How do you tell the story of a larger-than-life character in only 90 minutes?  LBJ focuses on an eight-year period of LBJ’s career.  We first see him in 1956 as Senate Majority Leader, at his most energetic, masterful and powerful.  We then see him in his period of frustration and weakness as Vice-President.  The JFK assassination makes him President, and the film concludes after the enactment of Civil Rights Act in June 1964.

LBJ shows us the many sides of LBJ by tracing three of his personal relationships:

  • Georgia Senator Richard Russell (Richard Jenkins), the leader of Southern segregationists and one of LBJ’s most important mentors.  LBJ rose to power with Russell’s guidance and loyalty, but LBJ, to find his own place in history, needed to destroy everything Russell stood for.
  • Lady Bird Johnson (a superb Jennifer Jason Leigh), the only person who could handle the vulnerable, needy, whiny, disconsolate LBJ.
  • LBJ’s nemesis Robert F. Kennedy (Michael Stahl-David). Because RFK was a martyr, the public tends to forget about his nasty and “ruthless” side, which did exist.  LBJ and RFK took an instant dislike to each other in the early 1950s, a situation which built into a profound and fundamental mutual hatred.
  • Bill Pullman plays Senator Ralph Yarborough, a very minor character in history, but one who serves here as a composite for liberal politicians and for those bullied by LBJ.

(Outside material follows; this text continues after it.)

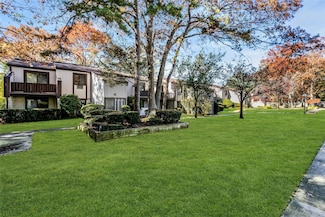 99 Richmond Blvd Unit 4B, Ronkonkoma, NY 11779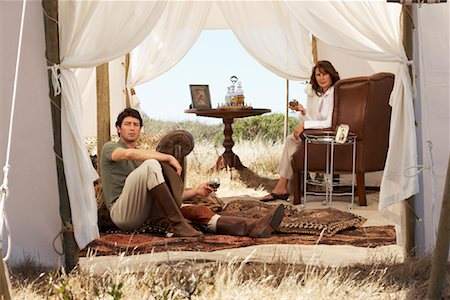 Couple in Safari Tent, Western Cape, South Africa Foto de stock - Direito Controlado, Número: 700-01182673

The highlights of LBJ are found in that fateful week in November 1963.  At Dallas’ Love Field, it’s clear that JFK’s star power has eclipsed the weakened and resentful LBJ even in Texas.  Then we see LBJ just after the assassination, taking command and plunging into action, taking command and knowing exactly what to do when everyone else was paralyzed by shock.

The history in LBJ is very sound.  I’ve read and re-read the over three thousand pages of Robert Caro’s four-volume biography of Johnson.  Much of LBJ’s dialogue is word-for-word historically correct; I’ve even heard the real LBJ himself utter these words on phone calls that he taped himself.

Woody Harrelson is excellent, capturing both the human tornado and the vulnerable sides of LBJ.  The fine actors Randy Quaid, Rip Torn, Michael Gambon, James Cromwell, Liev Schreiber and Tom Wilkinson have all had their cracks at playing LBJ on the screen.  Woody is significantly better than all of those guys, but I still prefer Bryan Cranston’s LBJ in All the Way.

Yes, it’s a Cliff Notes version, but LBJ, with its top rate performances by Woody Harrelson and Jennifer Jason Leigh, is a fine historical introduction and pretty entertaining, too.